* _Task to carry out_
Given the records below, the lines starting at the line with "Preview for 35" and ending at the line with "[XiuRen秀人网] 2022.12.06 No.5960" should be output exactly, both end lines kept and pictures left out.

* _The input_

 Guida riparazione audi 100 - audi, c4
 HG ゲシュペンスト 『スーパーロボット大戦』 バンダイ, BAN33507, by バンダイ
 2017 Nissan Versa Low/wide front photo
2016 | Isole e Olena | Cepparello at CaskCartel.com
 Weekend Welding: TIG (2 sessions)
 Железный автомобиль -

--

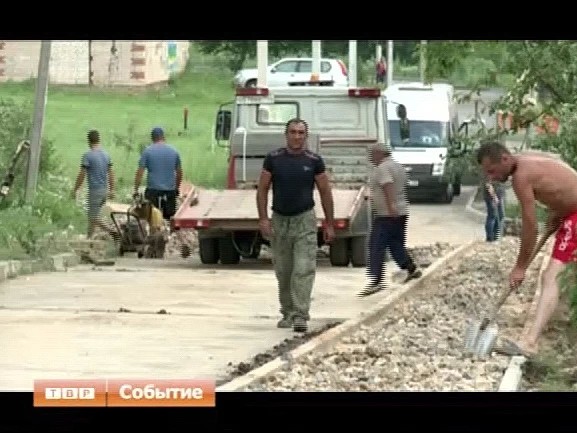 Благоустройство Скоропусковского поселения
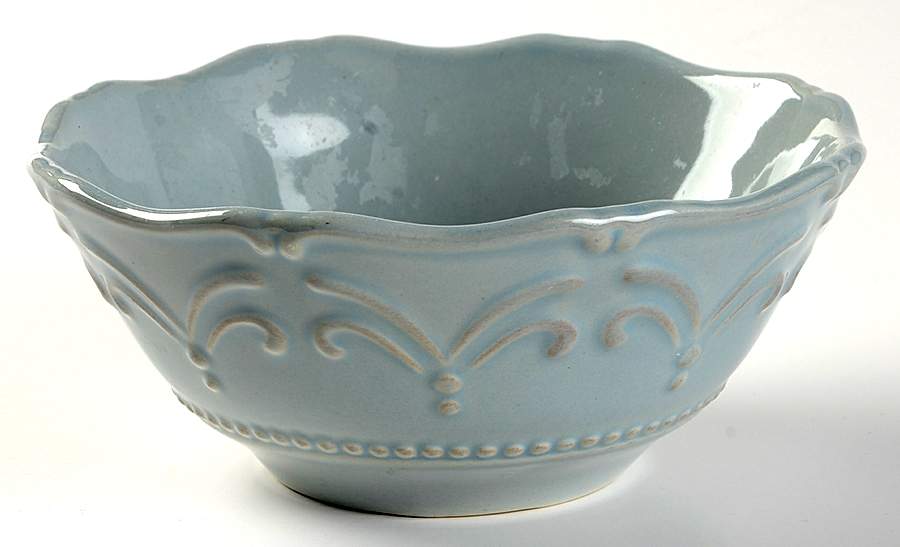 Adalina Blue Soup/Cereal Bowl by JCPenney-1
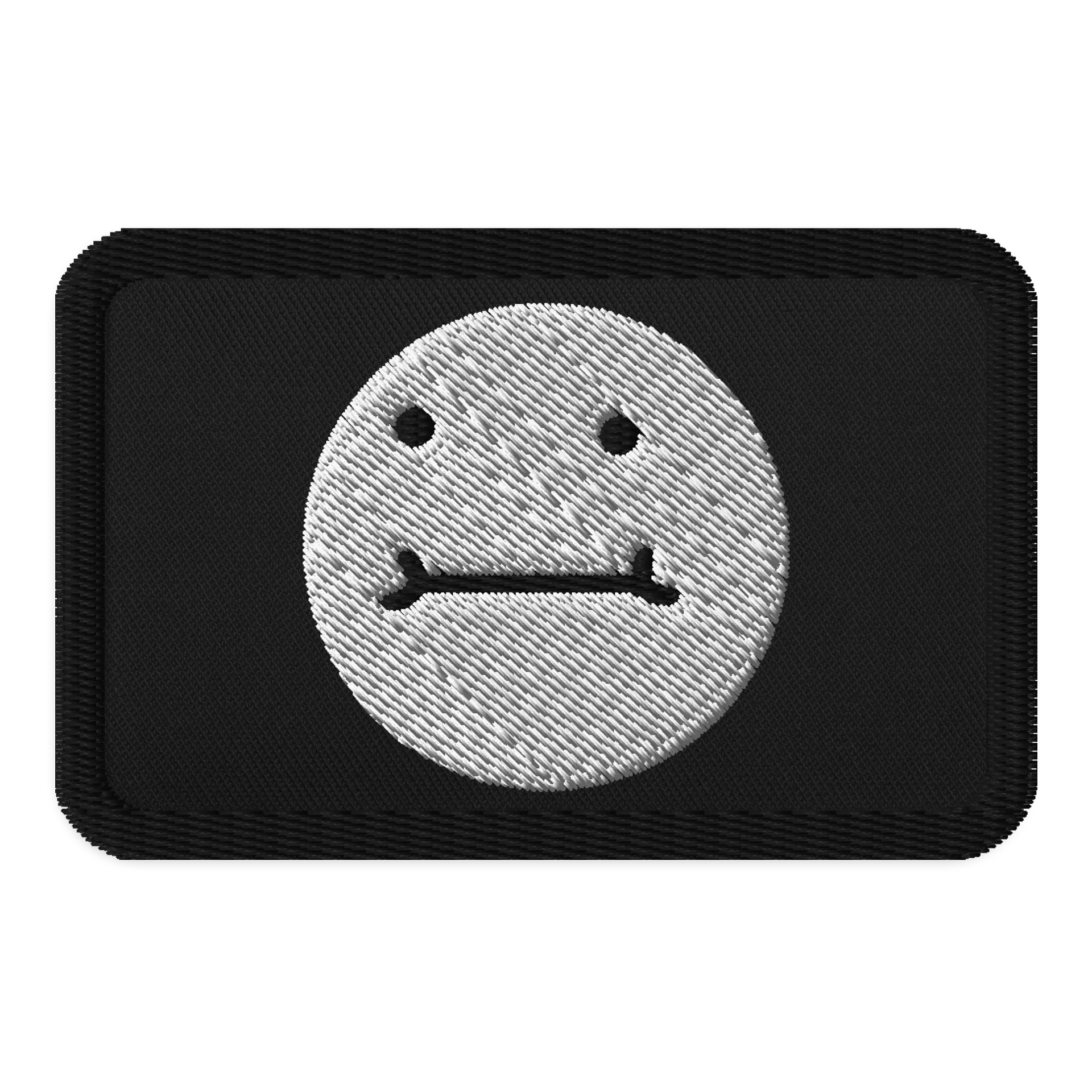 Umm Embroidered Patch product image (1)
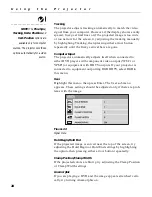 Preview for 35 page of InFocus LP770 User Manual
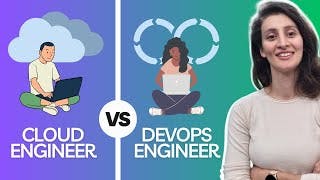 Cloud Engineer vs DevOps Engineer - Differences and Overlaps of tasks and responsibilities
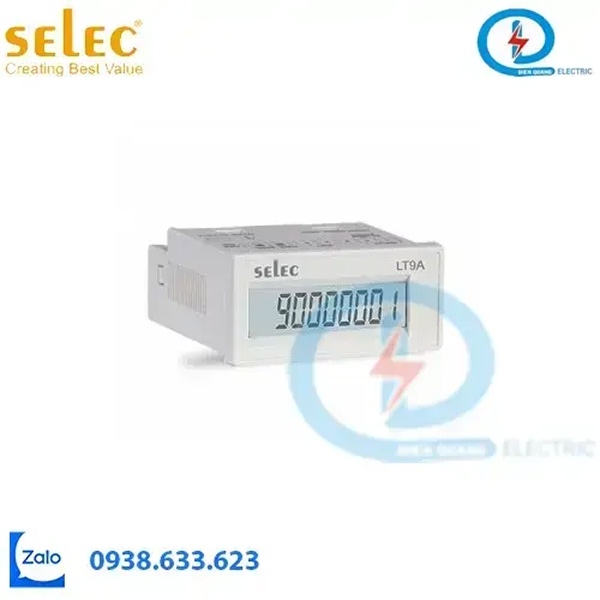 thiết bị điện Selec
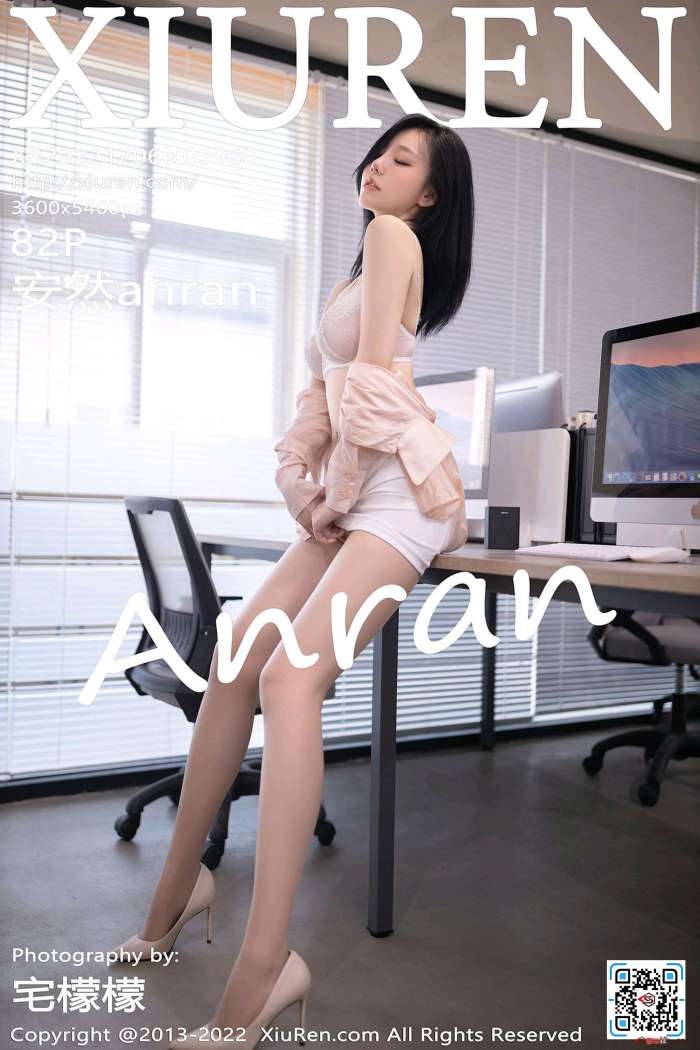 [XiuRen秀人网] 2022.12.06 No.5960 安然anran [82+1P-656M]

* _Task answer_
 Preview for 35 page of InFocus LP770 User Manual
 Cloud Engineer vs DevOps Engineer - Differences and Overlaps of tasks and responsibilities
 thiết bị điện Selec
 [XiuRen秀人网] 2022.12.06 No.5960 安然anran [82+1P-656M]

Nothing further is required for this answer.